## What this task involves
Apart from the pictures, return every line of the listing exactly.

## Information provided
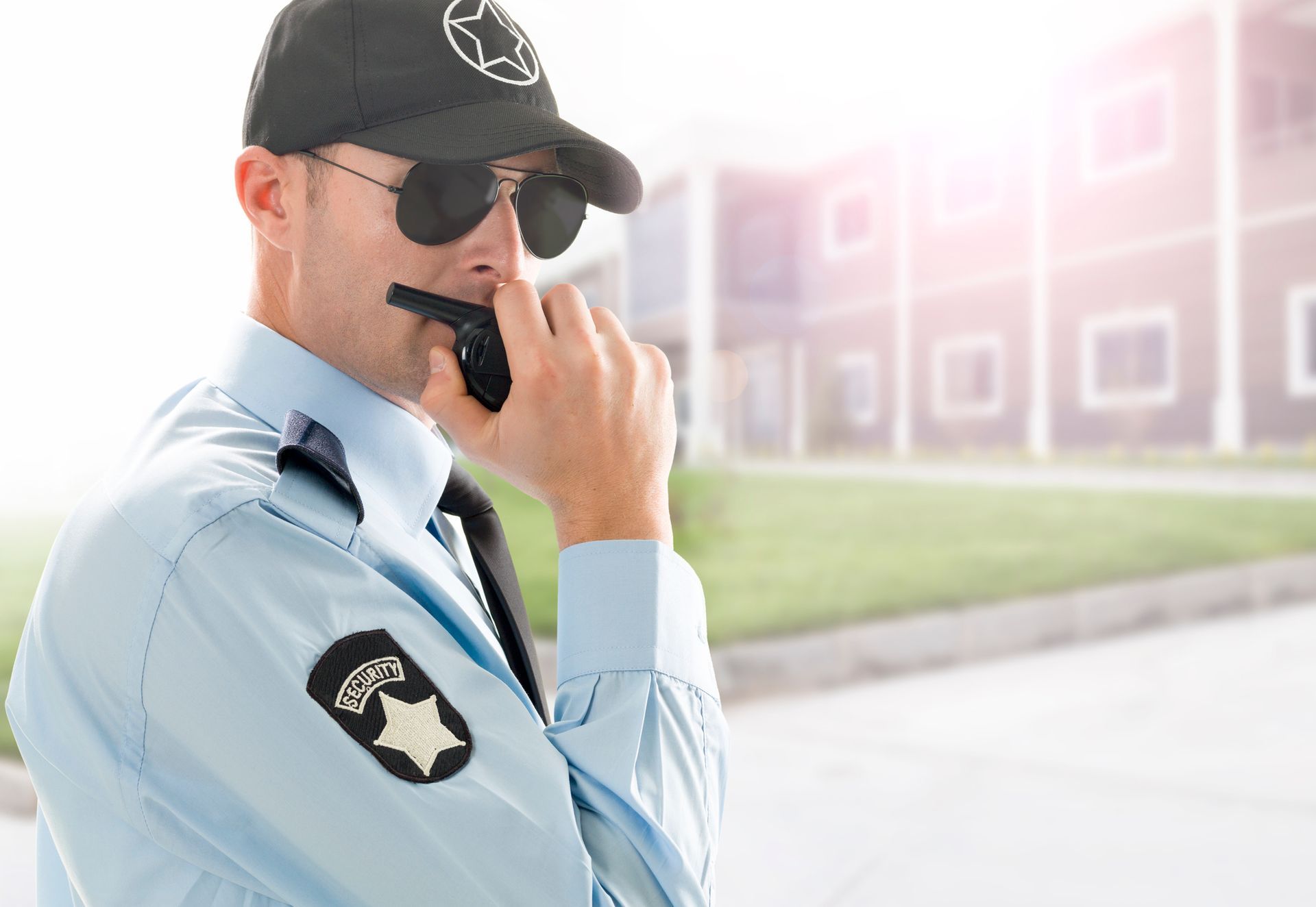 A professional unarmed officer delivering security guard service, using a walkie-talkie outdoors.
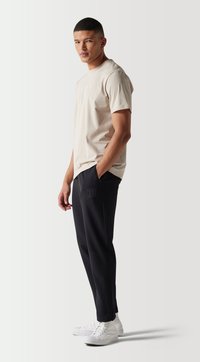 Camiseta beige con detalle de logo combinada con pantalones deportivos negros con bolsillos con cremallera, acompañada de zapatillas blancas. Silueta casual y ajustada.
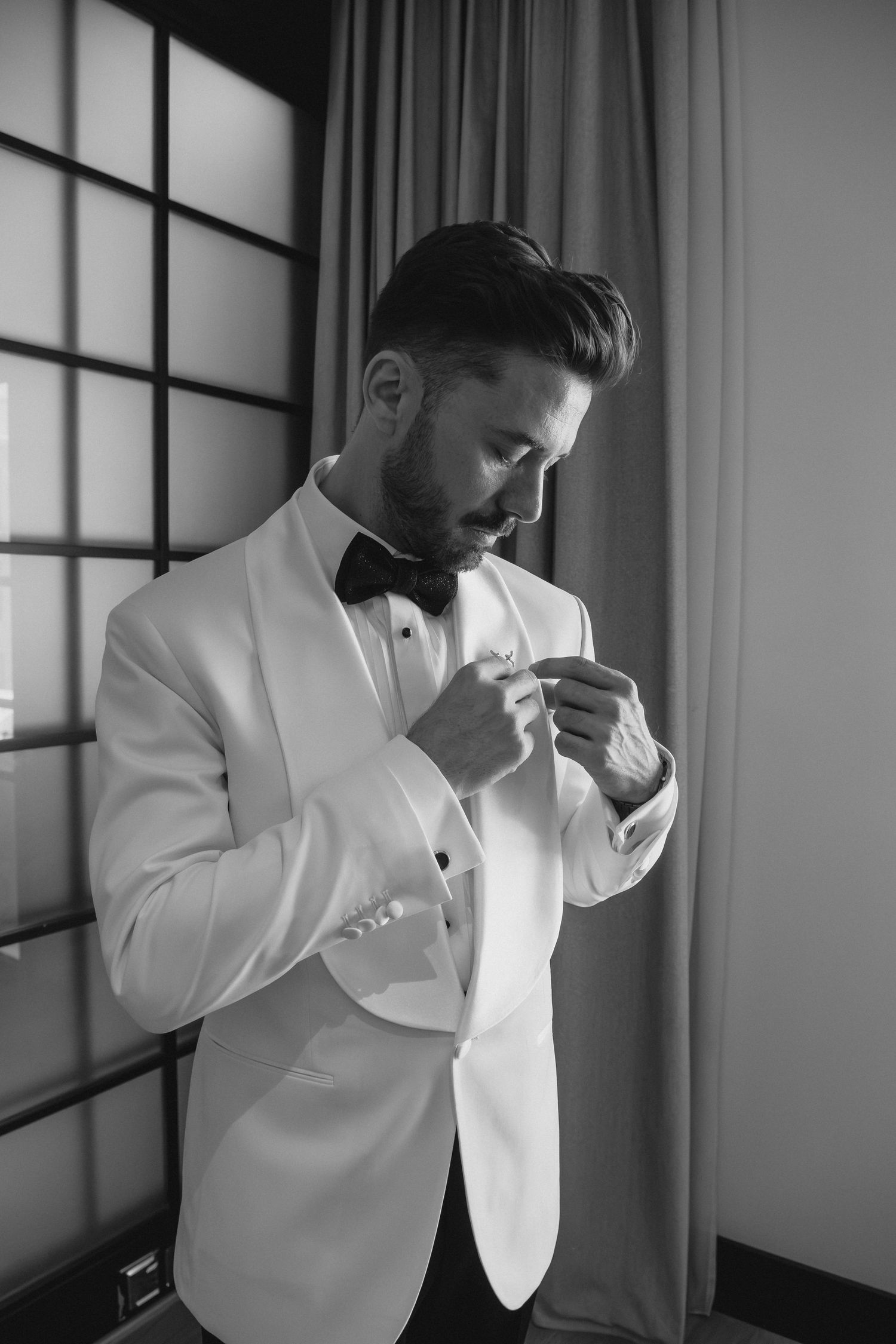Black and white portrait of a groom in white tuxedo pinning a boutonniere near a window.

## Answer to this task
 A professional unarmed officer delivering security guard service, using a walkie-talkie outdoors.
 Camiseta beige con detalle de logo combinada con pantalones deportivos negros con bolsillos con cremallera, acompañada de zapatillas blancas. Silueta casual y ajustada.
Black and white portrait of a groom in white tuxedo pinning a boutonniere near a window.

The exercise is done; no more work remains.